╭──

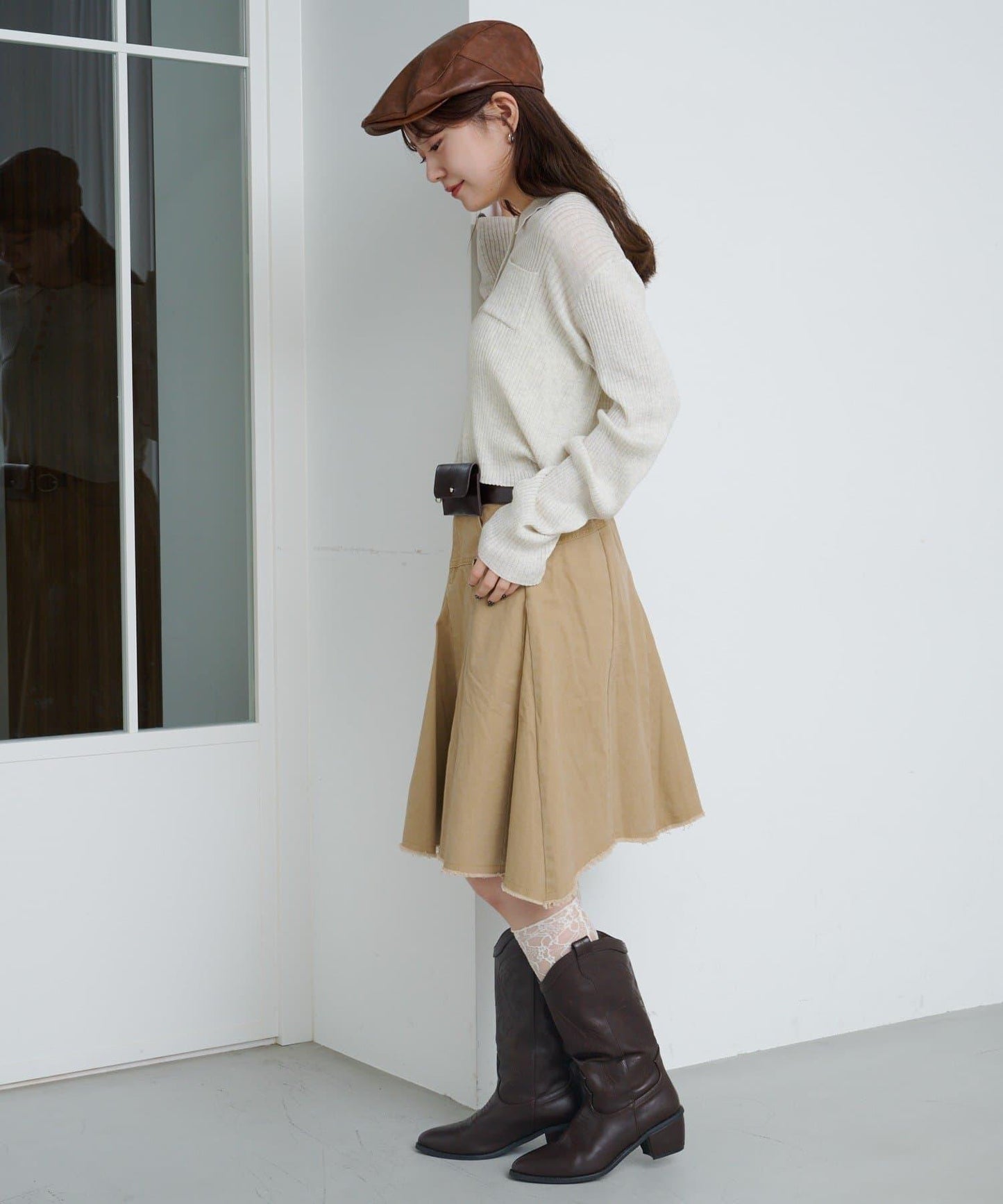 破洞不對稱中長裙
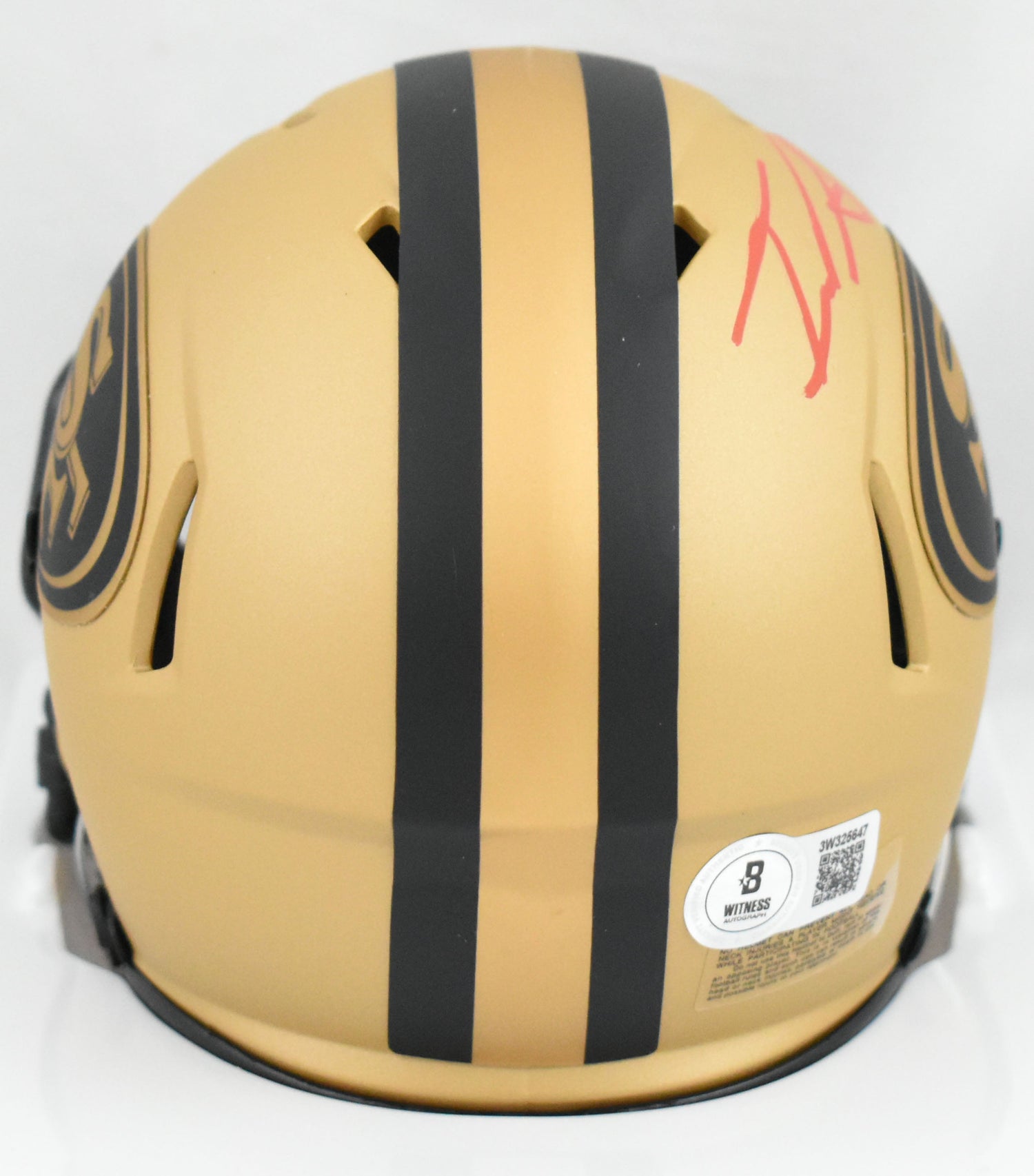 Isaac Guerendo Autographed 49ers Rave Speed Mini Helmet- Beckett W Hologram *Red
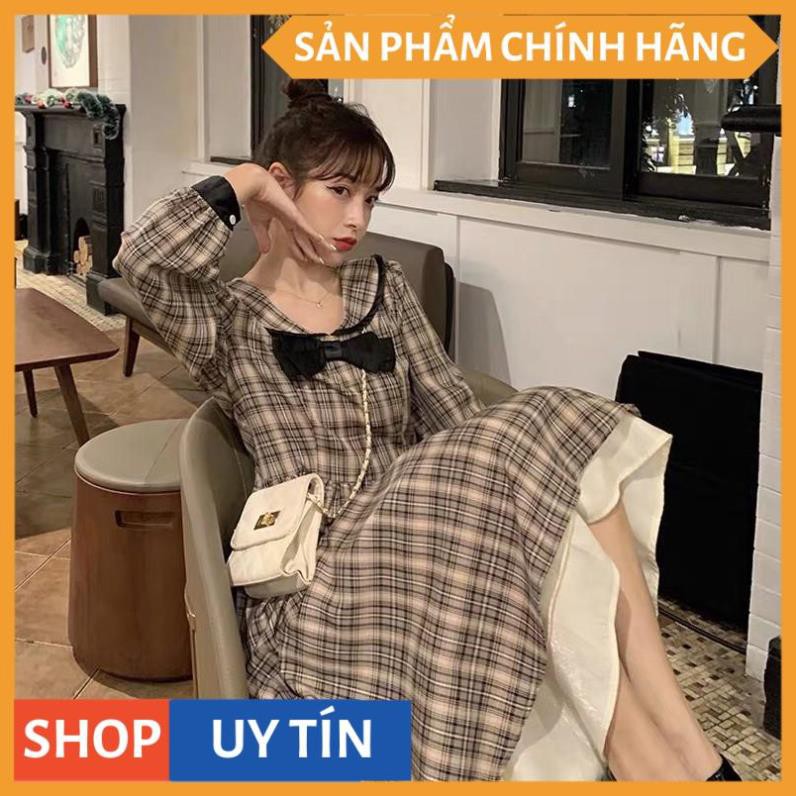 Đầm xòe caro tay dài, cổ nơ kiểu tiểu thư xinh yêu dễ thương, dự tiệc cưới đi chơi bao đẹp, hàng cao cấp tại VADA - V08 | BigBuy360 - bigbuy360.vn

╰──

-- TASK PROMPT --
Drop every image, please, and write out the data above exactly as shown.

-- WRITTEN ANSWER --
 破洞不對稱中長裙
 Isaac Guerendo Autographed 49ers Rave Speed Mini Helmet- Beckett W Hologram *Red
 Đầm xòe caro tay dài, cổ nơ kiểu tiểu thư xinh yêu dễ thương, dự tiệc cưới đi chơi bao đẹp, hàng cao cấp tại VADA - V08 | BigBuy360 - bigbuy360.vn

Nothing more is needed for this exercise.